Обе особы скоро привыкли к обществу Сынка. Нисколько не стесняясь, они развлекали себя тем, что заставляли его вдевать нитку в иголку. Они потешались уморительными рожами, которые строил Сынок, зажав губами иглу и скосив глаза, чтобы одной рукой вдеть нитку. Наглядевшись до слез на его старания, Пипетка забирала иглу, ловко вдевала нитку, видимо довольная своим мастерством, и принималась за работу. Труд Цыпы и Пипетки состоял преимущественно в изготовлении драматического костюма для нищенствующих оборванцев. Бывали дни, когда девушки занимались исключительно младенцами. Деревянный чурбачок обшивался грязными пеленками, поверх которых навязывался какой-нибудь трогательный бант, выдающий нежное отношение к чурбачку его сценической матери. Иные псевдодети получались до того правдоподобными, что Пипетка прижимала их к могучей груди и принималась ворковать: «Ты моя доця, ты моя красавыця, лялечка моя», – и, бывало, так входила в образ, что даже пускала слезу.
В иных случаях случались авралы – тогда Сынка гнали взашей, чтобы не отвлекал. Это бывало тогда, когда швеям предстояло скорняжничать. Однажды на полу вместо лохмотьев оказалось поболее дюжины роскошных шуб разного меха. Тут были и соболя, и норка, и крот. Девицы заперлись в рабочем уединении и, кажется, даже не пели. Повидав своих подруг – совершенно изнуренных работой – на четвертый день, Сынок приметил на месте дюжины шуб кучу шапок и воротников, в которых даже самое бдительное и придирчивое око никак не смогло бы определить родства с упомянутыми шубами. Такие авралы девушки не любили, Цыпа с пафосом напоминала Сынку, что она не «рачиха», а профессиональная швея какого-то (высокого) разряда. Зато несказанно счастливы бывали девицы, когда им приходилось обшивать воспитанников Зорро.

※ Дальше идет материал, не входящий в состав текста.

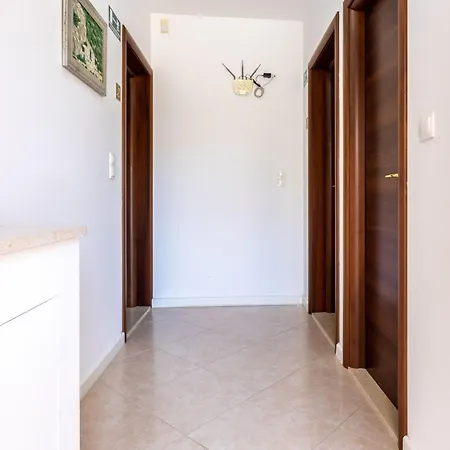 Geraeumige Mit Privatem Sonnenbalkon Lejlighed *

Зорро был совсем еще молоденький мальчик. Ему было двадцать два года. Но с виду ему никак нельзя было дать больше семнадцати. Он происходил из города Ярославля и имел, быть может, самую интересную для рассказов судьбу. В целом судьбы всех обитателей братства были драматичны и однообразны. То и дело кто-нибудь, разведя чувства чифирем, порывался повествовать Сынку многосложные перипетии своей биографии, но Сынок, поначалу слушавший внимательно, скоро начинал клевать носом и при удобном предлоге исчезал. Слушать рассказы Зорро было одно наслаждение. Дело в том, что последние годы Зорро провел за границей. Об этом Сынок узнал из странного разговора, состоявшегося между ним и юношей. Тот спросил, нет ли случаем у Сынка какого-нибудь чтива, и, выяснив, что нет, со вздохом сообщил, что трижды читал «Мертвые души» и больше ничего. Выяснилось, что «Мертвые души» были прочтены в Базеле, в тюрьме, попадать в которую Зорро категорически не рекомендовал.

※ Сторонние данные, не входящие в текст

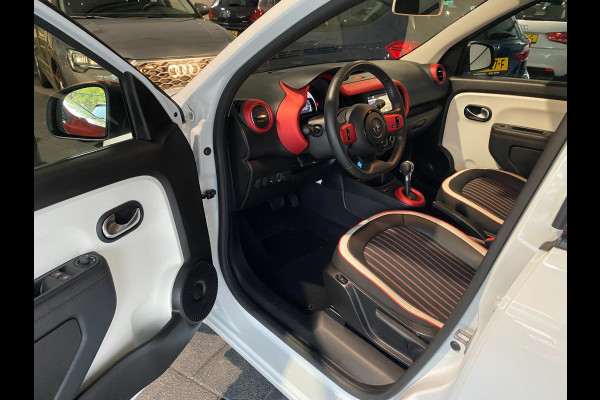 Renault Twingo 0.9 TCe Intens | Automaat| Carplay|Camera|Cruisecontr|PDC|Stoelverw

– Будешь в Швейцарии, – доверительно сообщал он внемлющему Сынку, – сдавайся только в немецких кантонах.
Сынок кивал с думающим лицом, словно знал, что такое кантон.
– Из итальянских тебя тут же вышлют, во французских тюрьмы дикие, голод один. А у немцев – благодать. Захотят тебя выслать – требуешь адвоката. Тот три месяца парится – ничего сделать не может. Тогда требуешь другого – тот еще три месяца. Потом подаешь апелляцию. И так почти год. А за год, может, и сбежишь. Там – пожалуйста! – гуляй не хочу, только к вечерней поверке приходи.

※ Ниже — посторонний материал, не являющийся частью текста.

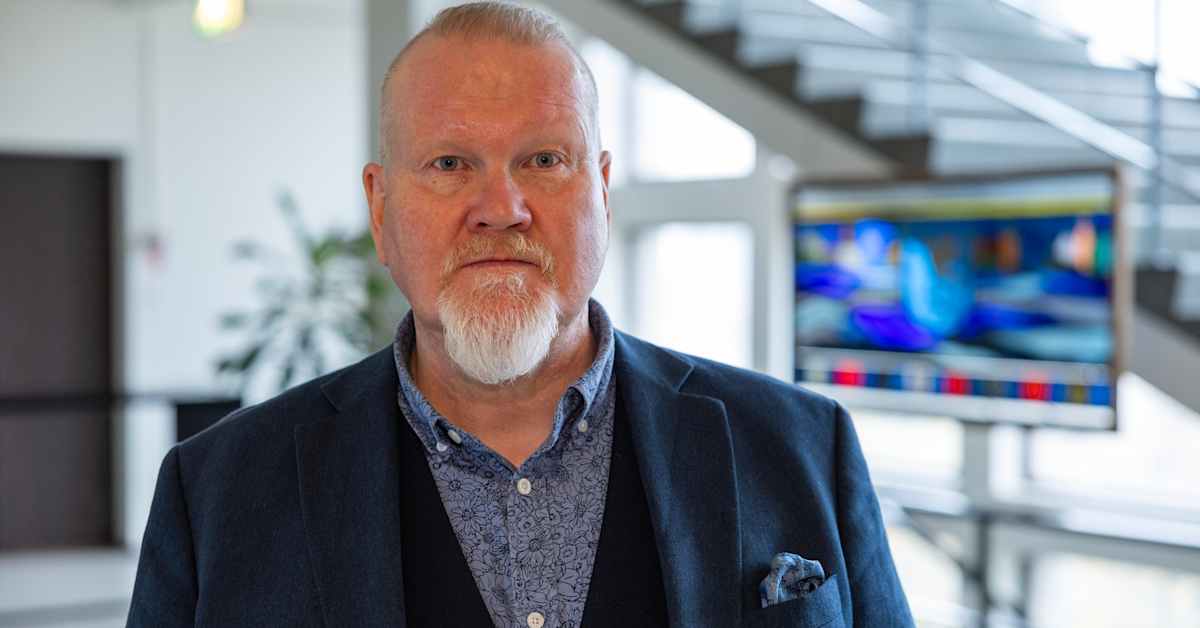 Kotkan kaupunginhallitus antoi kaupunginjohtaja Esa Sirviölle kirjallisen varoituksen – taustalla rikosepäily | Kotimaa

Зорро угощался Сынковыми папиросами и, мечтательно запрокинув голову, произносил:
– Но какая тюрьма в Берне – Александрплац, дом три! Вот это мечта…
И Зорро живописал истинный рай, полный йогуртов, тренажеров, телевизоров, фруктов – всего того, что поражает сознание среднего статистического россиянина в Европе, не говоря уж об одноруких оборванцах.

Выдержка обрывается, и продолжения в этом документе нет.